Now back to that father and the little girl. Jesus is off to see her but someone brings bad news. She’s already dead. It’s too late. At least, that’s what they said. And there they all were, a whole crowd weeping and wailing. But do you think that stops our Lord? No way.
Jesus entered the house and said simply, “The child is not dead but sleeping.” And He took that father and mother and drew close to the bed where that little girl was lying, pale and cold. He took her gently by the hand and spoke softly to her these words: “Talitha cumi,” which means, “Little girl, I say to you, arise.” And her eyes fluttered open. She sat up, and got out of bed. How could she not smile, beaming with incomprehensible joy, her and her family!

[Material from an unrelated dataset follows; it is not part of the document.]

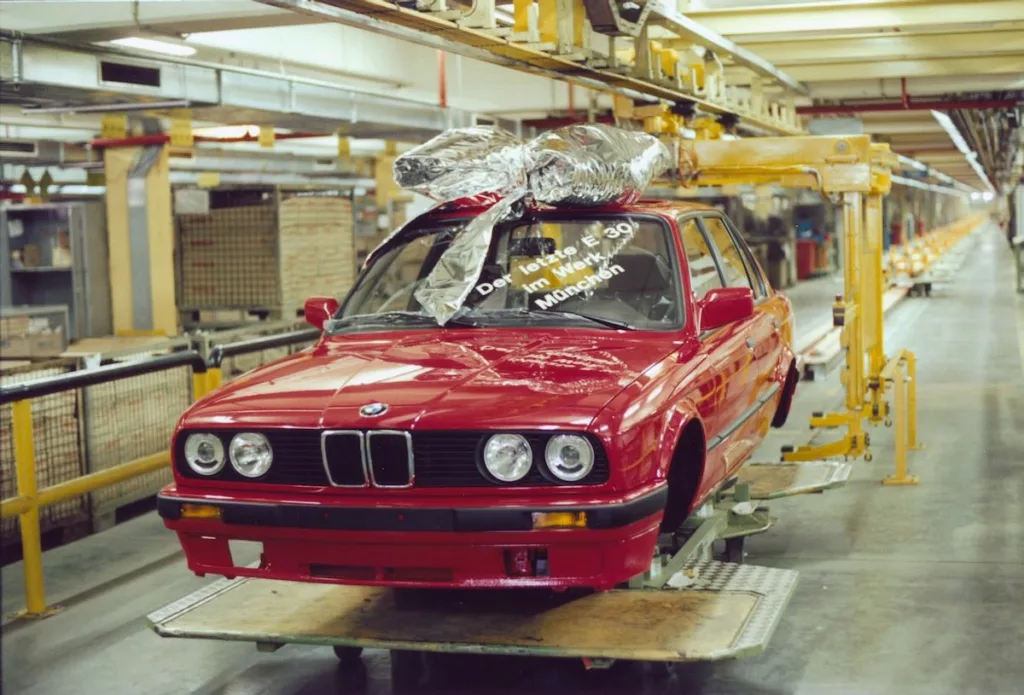 Anniversaire : 50 ans de production pour la BMW Série 3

Folks, these aren’t old Bible stories. Anita could see herself right there in them. Just as I hope you all can as well. It’s the story to which we all belong. Sick, fatigued, dying sinners in a dying world. Some day for all of us, even the best of doctors will say, “Sorry, there’s just nothing more I can do.” But no, not Christ, not our heavenly physician. Because He went right through death itself, from the cross and tomb, making death for us but a short sleep, our graves just a bed, a portal to everlasting life. You see, when Jesus rose from the dead, He shows His pierced hands and feet. And doesn’t say, “Sorry … there’s nothing else I can do,” but rather, “Look, just look and delight in all that I’ve done for you.”
Because in those glorious scars you can see for yourself that all your sins have been answered for. And now from that pierced side comes a gusher of mercy and forgiveness.

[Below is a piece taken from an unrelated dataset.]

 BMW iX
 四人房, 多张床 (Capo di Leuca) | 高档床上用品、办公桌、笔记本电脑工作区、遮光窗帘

Like that sick woman in our Gospel today, Anita came to the altar on Sunday, sick, just like all of us in this fallen world, with the frailty of this mortal flesh. And at the altar she reached out to touch Jesus. And He reached right back with His own body and blood – a guarantee or His eternal love and blessing. There was her healing, her refreshment, and her life. And she knew it and rejoiced in that.

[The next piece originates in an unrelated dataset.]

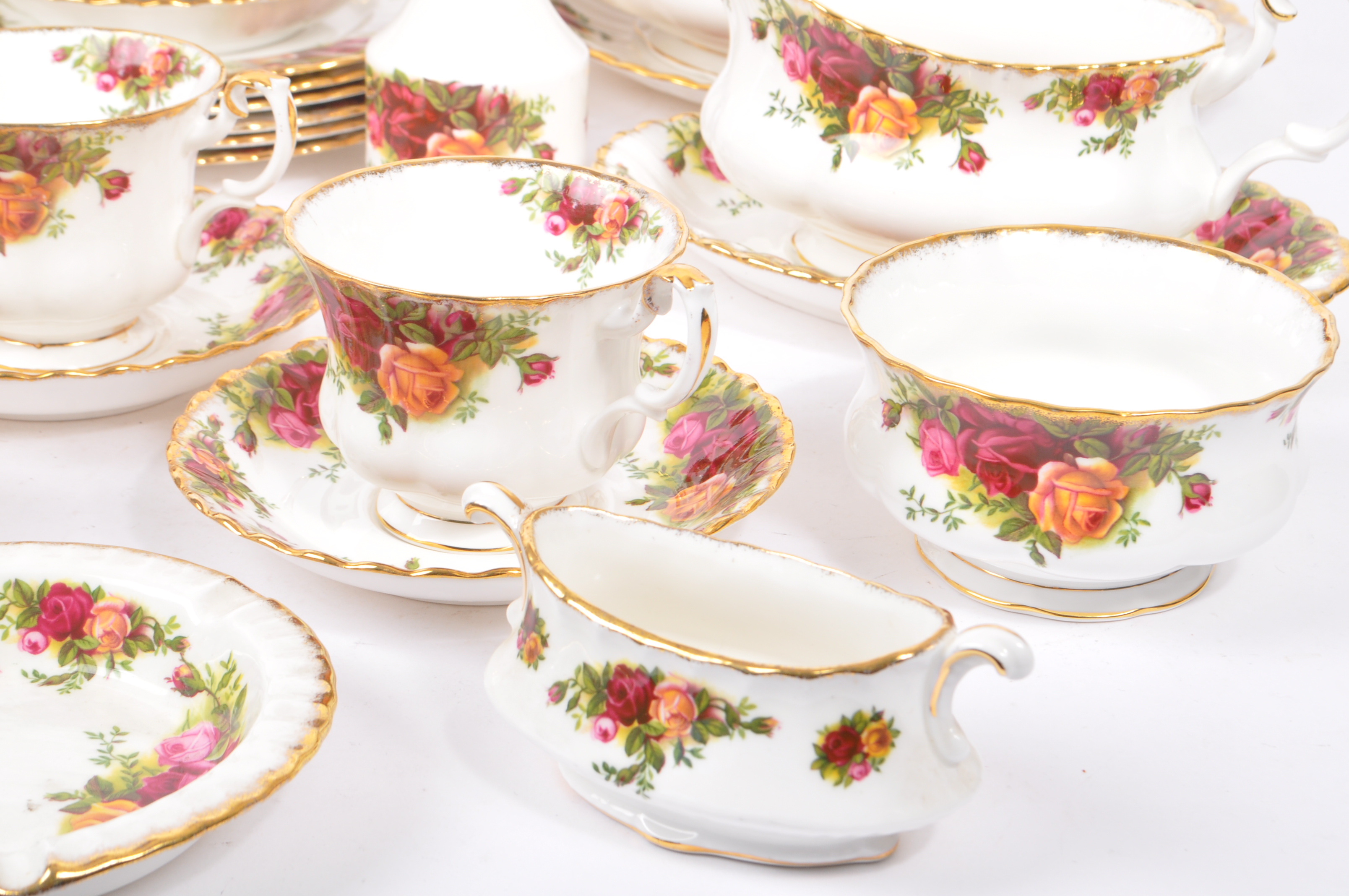 ROYAL ALBERT - OLD COUNTRY ROSES - ENGLISH MID CENTURY TEA SET - Image 3 of 10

Tomorrow Anita will rest in the tomb just like that little girl in our Gospel this morning. But as Jesus said, “She’s not dead … just sleeping.” For not even death can separate her from the love of her Savior. Because He’s promised to come again. And He’ll take Anita’s hand gently in His, and her eyes will flutter and open. And He’ll lift her up from her grave. A girl youthful and sprightly, to stand up in the resurrection of all the saints in glorious light.
In those last days of earthly life, Anita’s thoughts became focused, singular, and all she wanted to talk about was one thing. Just one thing. The happiness of singing in the choir at her old church. Each and every visit she talked about walking in her choir robe in procession singing in her church. I thought she was just recalling fond old memories. But maybe it was more than that. Maybe that clarity of vision and mind I talked about earlier was already illuminating and bringing that future glorious life so near and palpable, that she nearly felt it. Just like a little girl, opening her eyes from sleep to behold Christ, and walking, singing in the choir in her white robe. In the name of Jesus. Amen.